In our travels, we’ve seen and learned about how rice is grown in paddies, harvested, de-husked and polished, a system consisting almost entirely of manual labour in most countries we visited. Except for water buffalo, who are used to plow flooded paddy, and in some areas large mills that de-husk the rice, the planting and harvesting, and even much of the de-husking and polishing all depends on many, many Asian hands and bent backs. It’s really rather startling to see in person and learn from museum exhibits and guides in every country we visited that the tools used to grow rice haven’t changed much in centuries, perhaps thousands of years. And really when you think about, a big American John Deere tractor, plow or harvester, and many other modern farm implements, just wouldn’t get far in the flooded. muddy paddies in which rice grows, with water sometimes up to people’s knees in the rainy season.
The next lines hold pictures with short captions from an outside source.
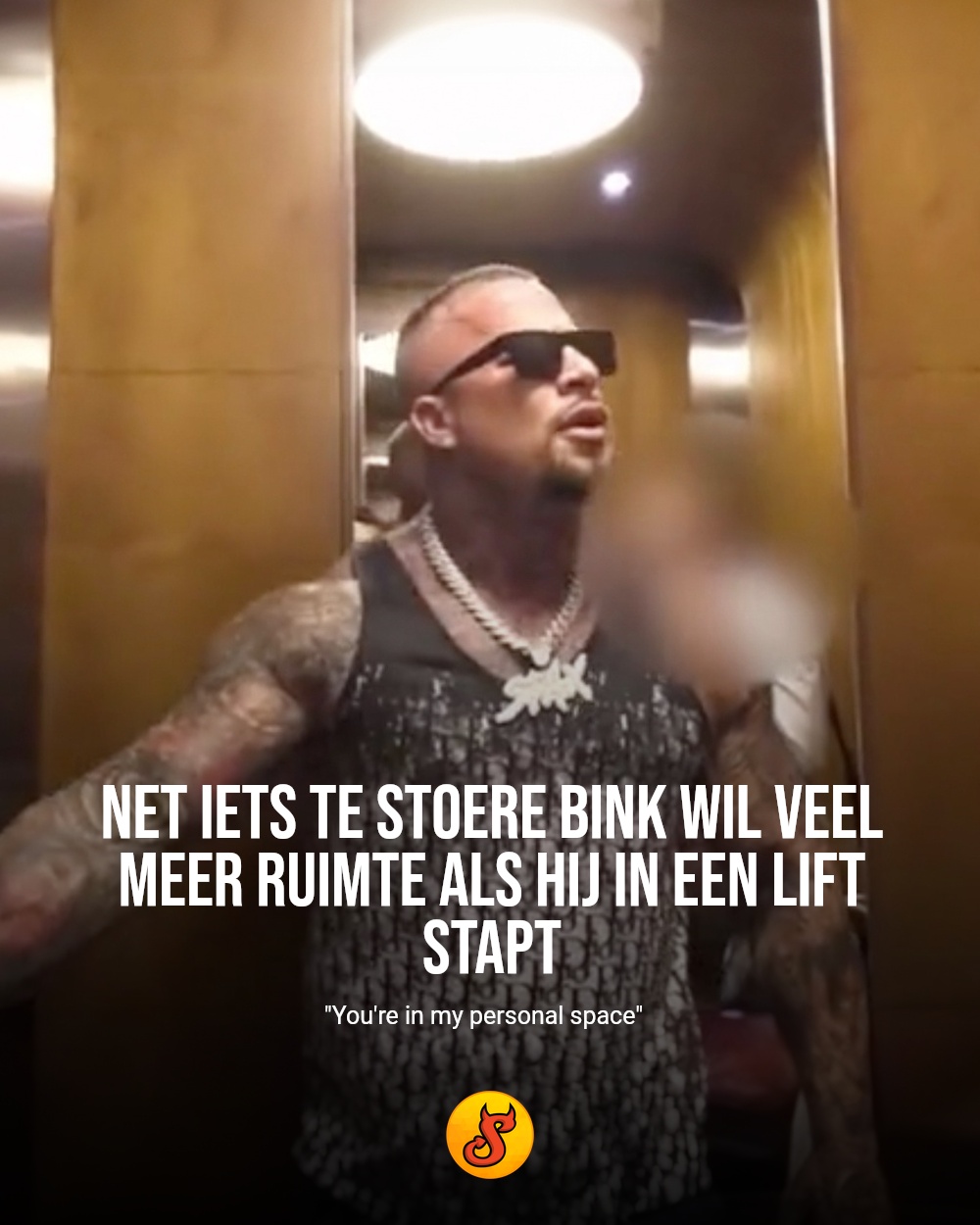 Net iets te stoere bink wil veel meer ruimte als hij in een lift stapt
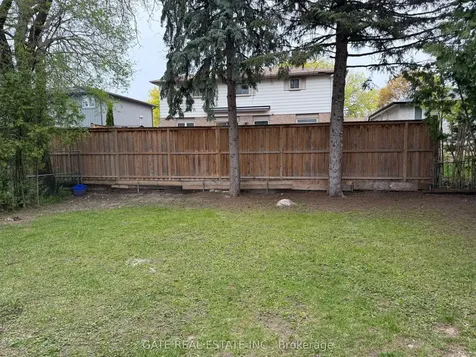 10 Thorny Brae Drive Markham ON L3T 3G4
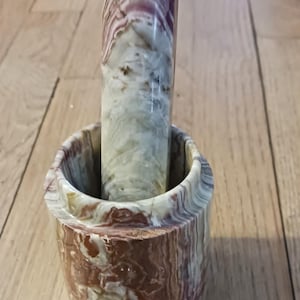 Pretty Onyx mortar and pestle - Pakistan stickers - great kitchen tool!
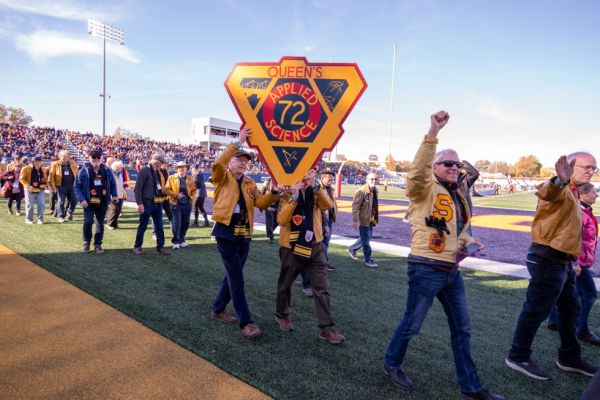 Queen's Homecoming Half-Time Alumni Parade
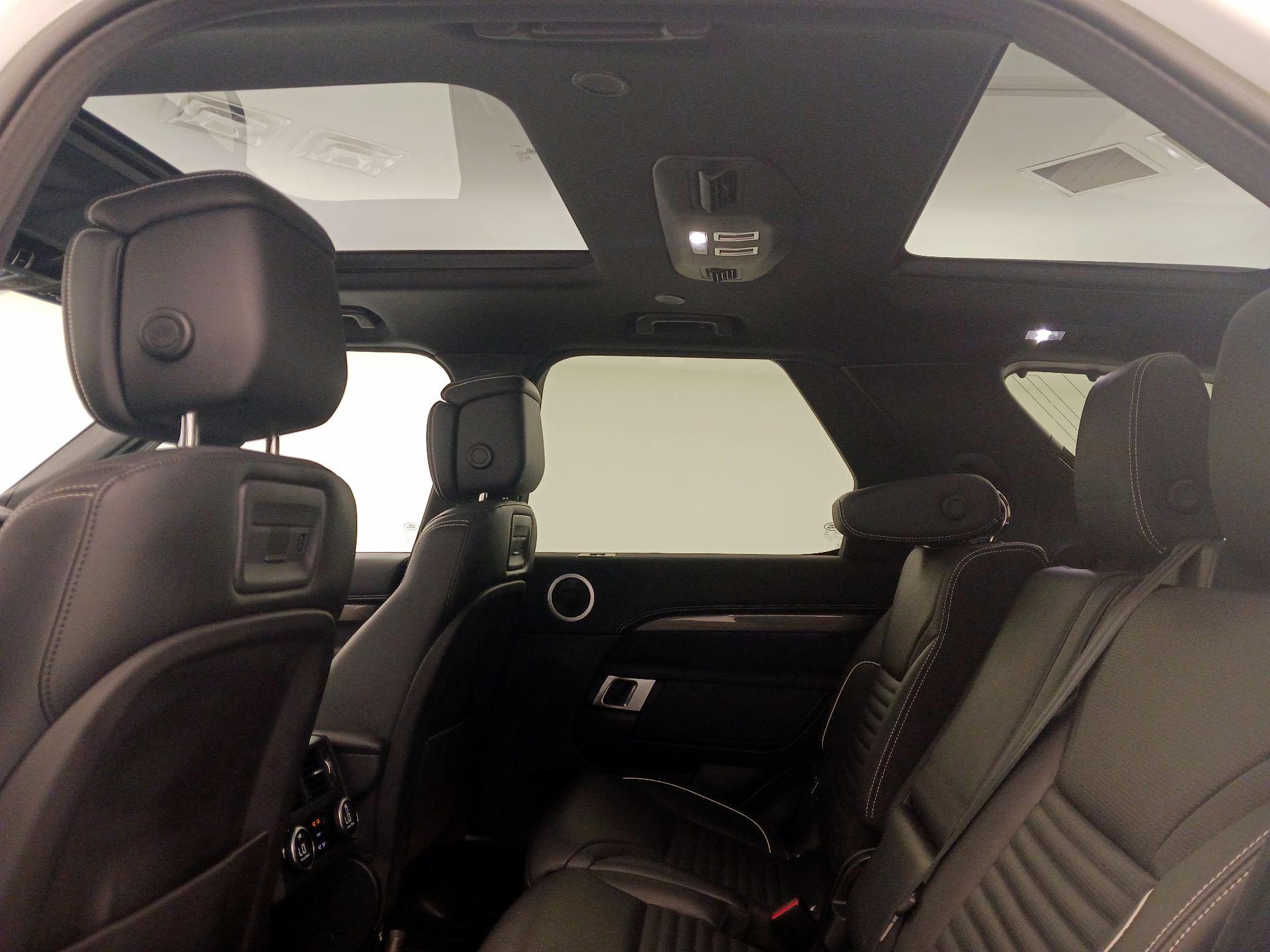 Thumbnail: 2023 Land Rover Discovery - 20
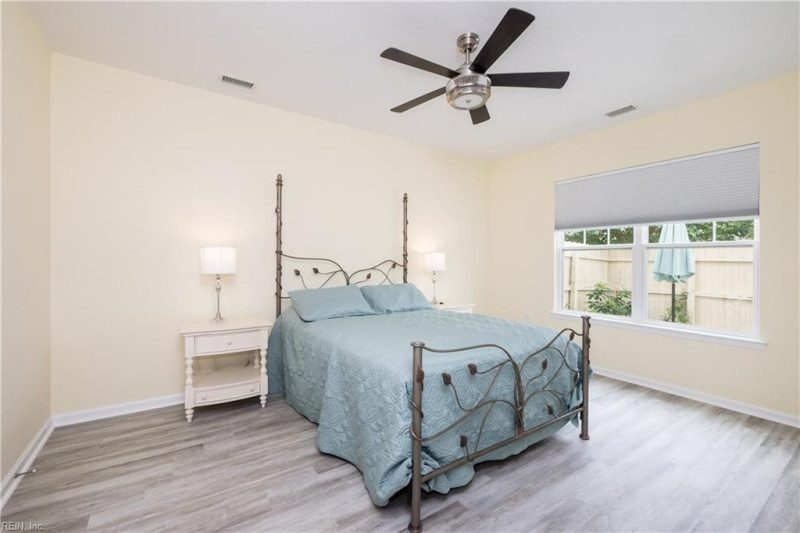 Photo 22 of 35 residential for sale in Chesapeake virginia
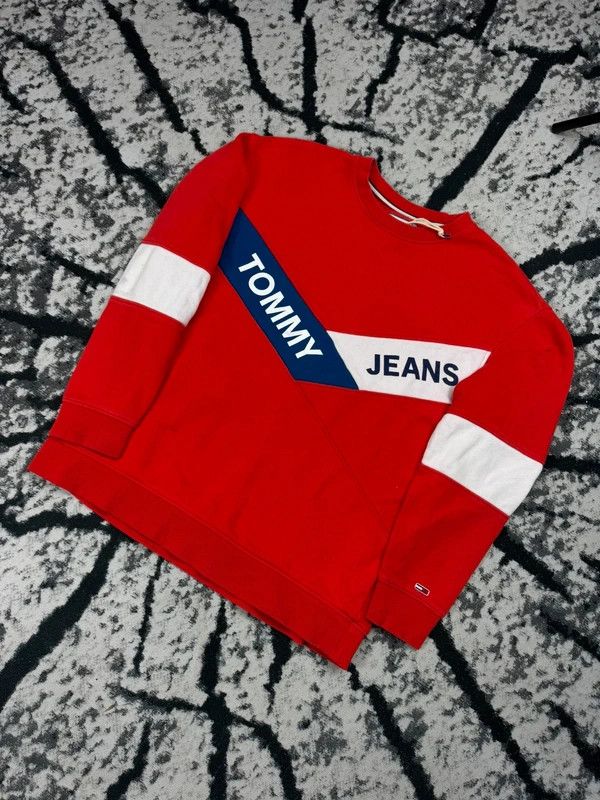 Tommy Hilfiger Tommy Hilfiger crewneck sweatshirt red white logo L Size US L / EU 52-54 / 3 - 2 Thumbnail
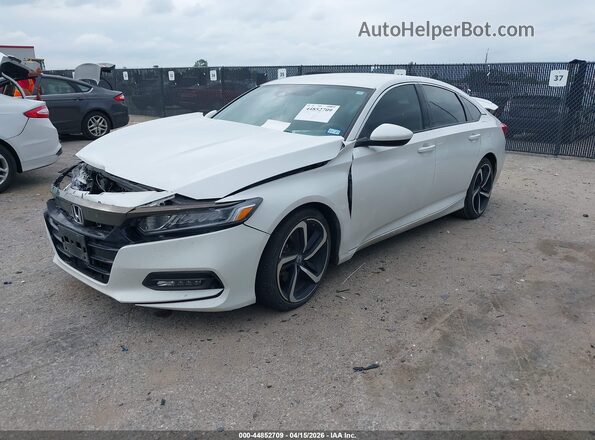 1HGCV1F32KA082317 2019 HONDA ACCORD Белый Передняя левая четверть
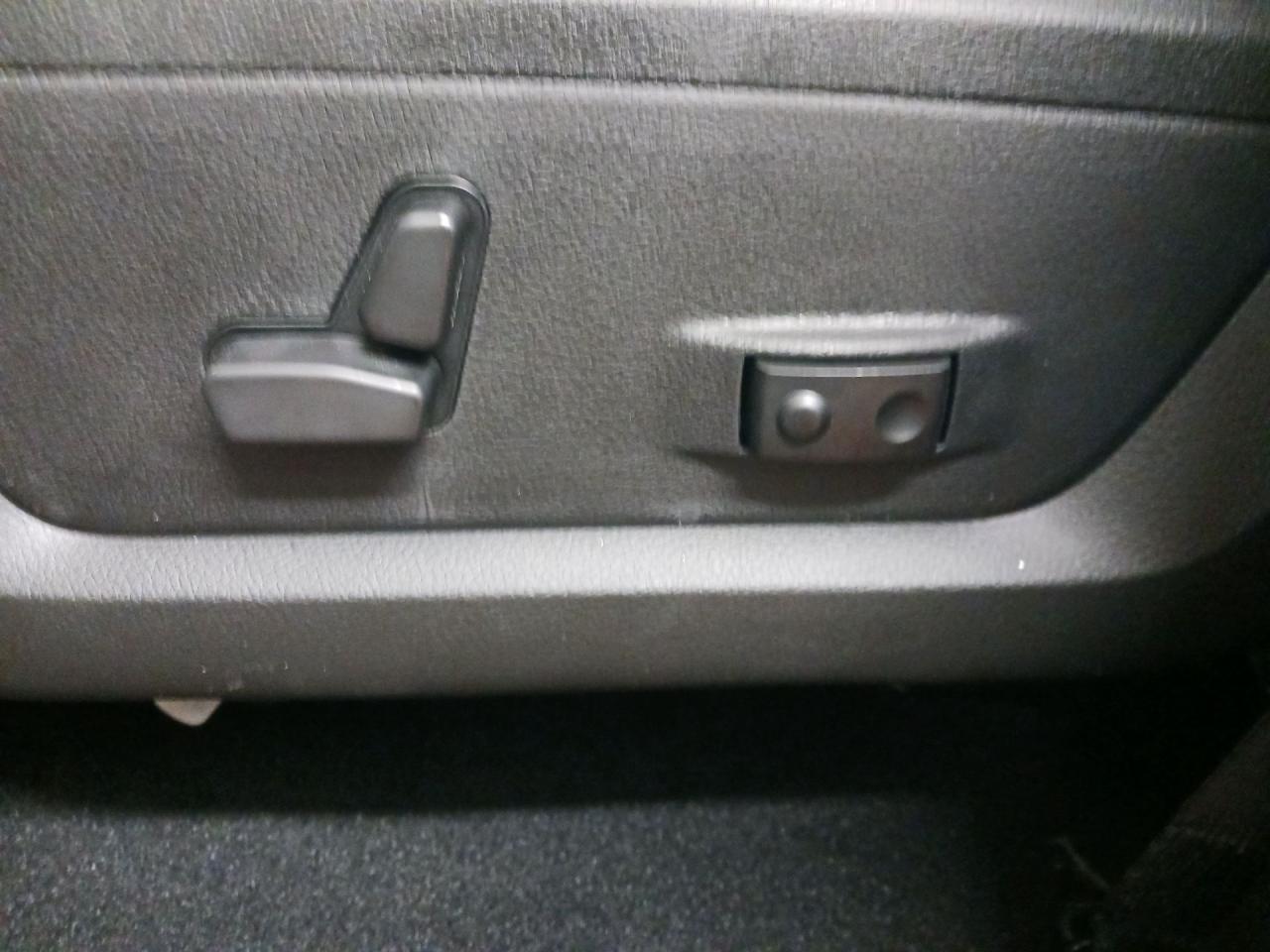 2023 RAM 1500 Classic HTD SEATS & WHEEL / RMT START / BLACK APPEARANCE Photo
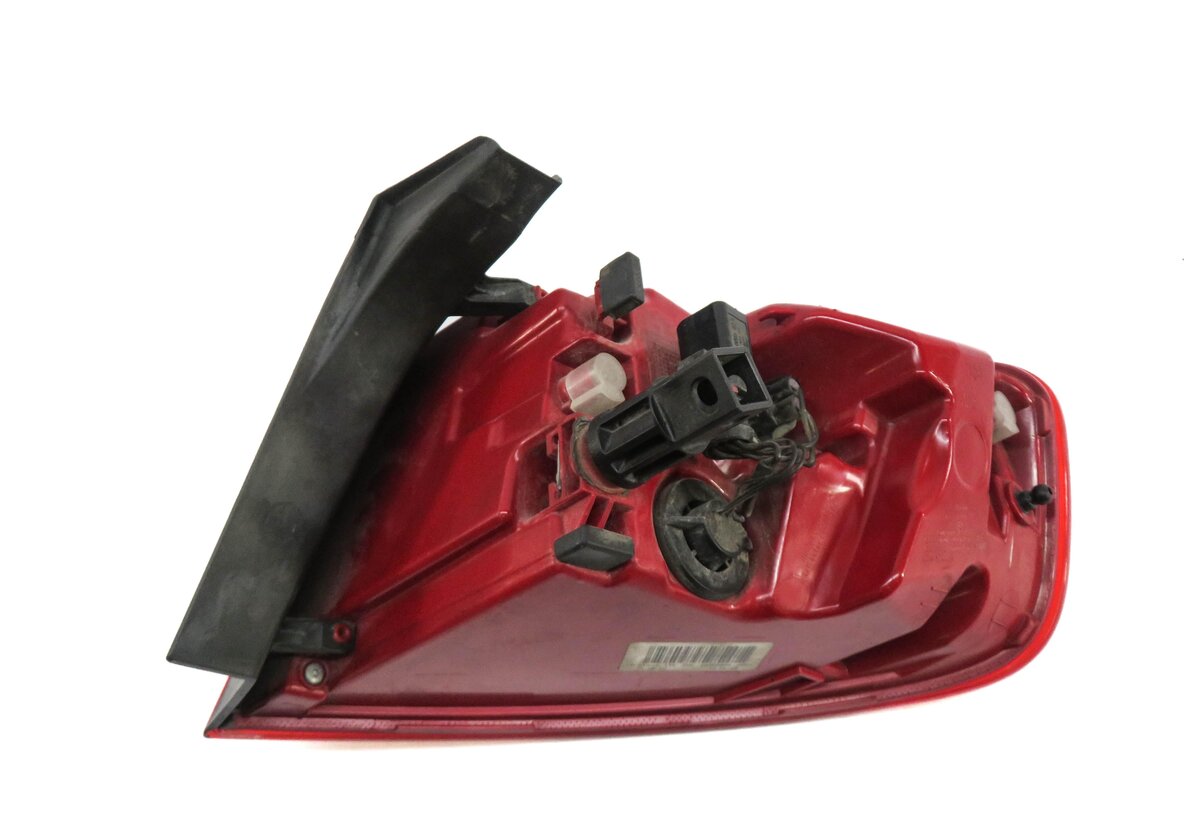 Thumbnail 4: 2013-2016 AUDI A4 S4 (B8 8K) LEFT DRIVER OUTER TAILLIGHT BRAKE LIGHT LAMP - LED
I’ve noticed and absorbed all this information about rice, and to whatever degree extended travel lets you absorb cultural impact, I’ve sucked that up about rice as well. I’ve sampled many varieties of rice: Thailand’s Jasmine rice, considered the best in the world (and both jft and I would concur, after eating copious amounts of it during our volunteer farm work in Thailand, and both agreeing we could live on that rice alone and be quite content); Laos’s sticky rice, eaten with the hand, by grasping a clump, rolling it and eating it together with meat or vegetables; Cambodia’s rice, so precious in that country after extensive faminine in the 1980s, the result of agrarian mismanagement and exploitation under the dreadful Khmer Rouge and their leader Pol Pot; Vietnam’s rice and rice noodles in particular, delivered in the form of pho, rice noodle soup, with veggies or any kind of meat, truly some of the best rice noodles I have ever savoured; and rice in Taiwan and Malaysian, but not as much because we weren’t there as long.

Because I’ve only traveled here, and not lived or studied the cultural impact of rice, I can only share what I fleetingly grasped of this cultural impact based on a couple anecdotes.

My first encounter with the effect of rice on the minds and customs of the people who consume it was during a performance of Khmer ancient royal court style dance by young local children. We actually saw this in Thailand, on a tour of the area not too far from where we were doing our volunteer farm work. This north eastern region of Thailand is just a few miles from the border of Cambodia, and in fact was part of the Khmer empire only a few centuries ago. The everyday language of the people in this region is actually Khmer, the Cambodian language, and some of their customs resemble closely that of Cambodia. We have 17 photos posted (the link takes you to the first photo and you can move forward from there in the Thailand 2007 set) of the performance we witnessed. At one point during the performance of fanciful hand gestures and stamping yet elegant foot movements, I realized the boys and girls were making gestures that mimed the planting and harvesting of rice bundles. Before this moment, all the art related work I had witnessed in Thailand pertained to Buddhism. But here suddenly were children, trained to move in what appeared to be seductive ways by a young man who wanted to preserve local tradition, and their moves depicted what you could witness in any rice field, if you could stand and watch a lifetime of growing and harvesting rice on fast forward. I was in awe, because on one hand it was simple, to depict everyday life in art, just as cave drawings, hyeroglyphics, painting and sculpture might do, and on the other hand, it paid hommage to such an important life cycle in the Asian landscape. I was startled that such simple yet exotic movements by children could convey so much.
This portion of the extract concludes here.